Yoga, Yoga Everywhere...

My first beloved yoga teacher likes to travel a lot. Over the years she has often sent me pictures of herself doing various yoga poses in various locations—like tree pose in front of the Taj Mahal in India, or against a backdrop of the Rockies. I haven’t traveled far and wide as she has, but when I do go somewhere I often have that same desire to do a yoga pose. Thus, the picture of me above, in Tennessee’s Smoky Mountains, en route to Asheville, North Carolina to visit family (apologies for the imperfect alignment—it was blustery cold and I didn’t want to take my socks off!)
            In fact, one of the handiest and most interesting things about yoga is it’s a very portable form of exercise (yes, you can even “do it” in the car, at your desk, in the bathtub, or on an airplane). But even more portable than the asanas or postures, is the yogic philosophy. It’s pretty much expected that if you are a true yogi or yogini, you will take your yoga with you wherever you go.
            When I began to practice yoga seven years ago there was nothing I wanted more than to do a handstand. I would watch the other more advanced students in my classes with very un-yogic envy, as they all could do handstands, headstands, and arm balances.
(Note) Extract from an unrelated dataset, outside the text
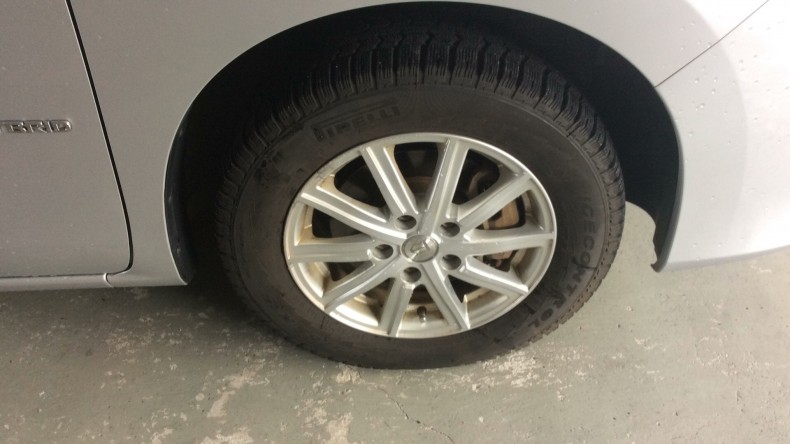 タイヤホイール前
But though I can now do a handstand wherever I am (as long as there’s a wall), it’s not the poses that challenge me so much as the yogic vow of ahimsa, or non-harming, in thought, word, and deed. And then there’s compassion, acceptance,  forgiveness, nonattachment, and learning to be in the moment. Just to name a few of yoga’s tenets.
            Using yoga in line at the grocery store or bank, when your college kid hasn’t called in a week or more, or when your computer keeps crashing—now that’s really doing yoga. Forget the handstand, the 31-minute chant without wiggling to scratch your nose, or the impossible “side crow” (not, unfortunately, a mixed drink). I guess the same could be said of any religion or philosophy—it’s easier to recite the rules than to actually follow them, and in fact, it’s the very hypocrisy, or, to use a kinder phrase, lack of commitment, that causes many people to give up all together. Though yoga isn’t a religion, you’re just not a yogi if you stand on your hands and then go home and kick your little dog.
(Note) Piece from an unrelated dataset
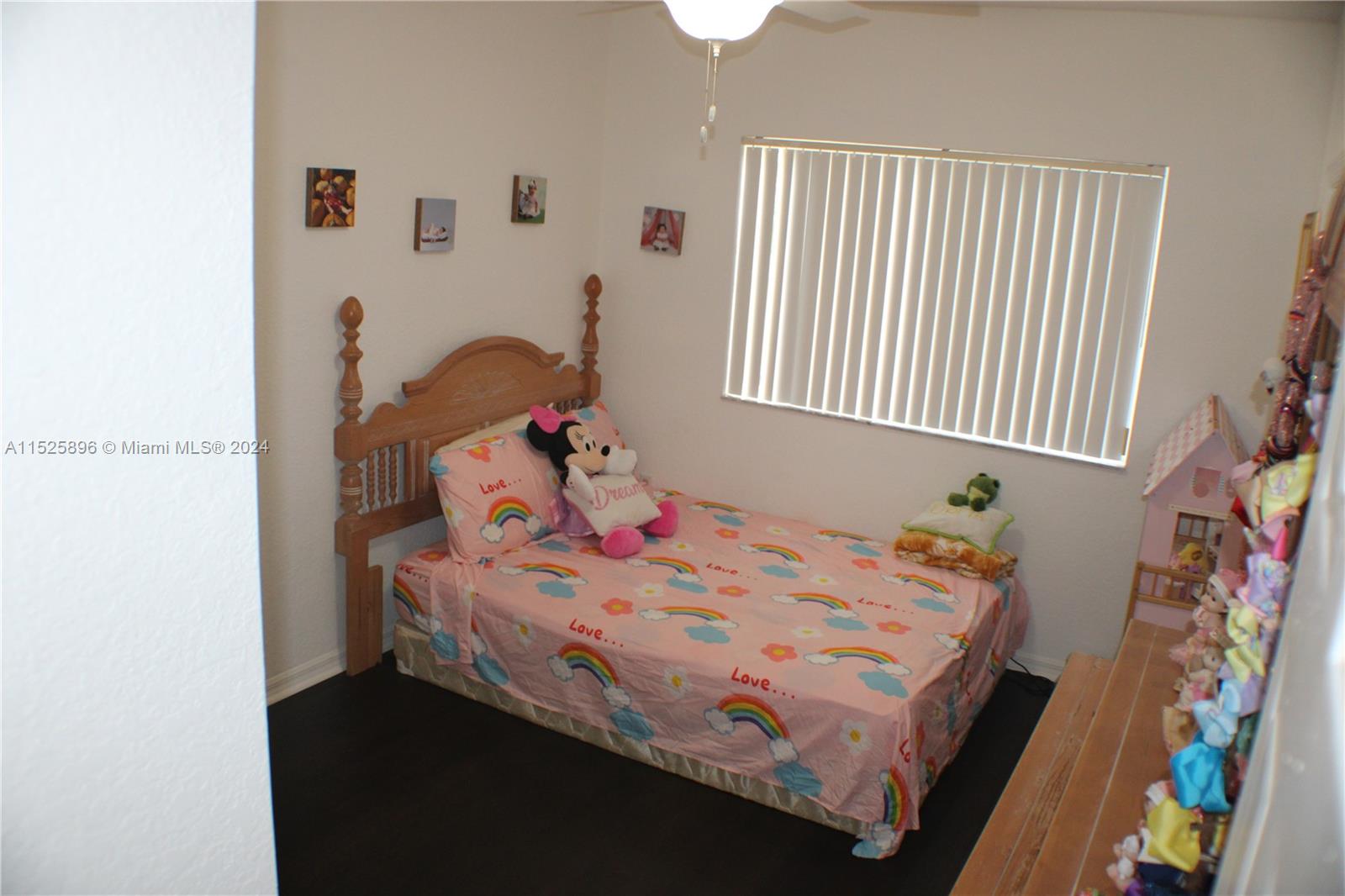 2425 SE 19th St 2425, Homestead, Florida 33035, 3 Bedrooms Bedrooms, ,2 BathroomsBathrooms,Residential,For Sale,2425 SE 19th St 2425,A11525896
            Anyway, I love taking yoga on the road. And hopefully when I’m far too old and wobbly to balance on a ledge in the mountains (though at 93, B.K.S. Iyengar, one of yoga’s great gurus, is still reportedly proficient at all the asanas), I’ll still have a yoga heart. After all, it’s easy enough to bring a pose along on your travels--harder is remembering to always carry compassion in your back pocket.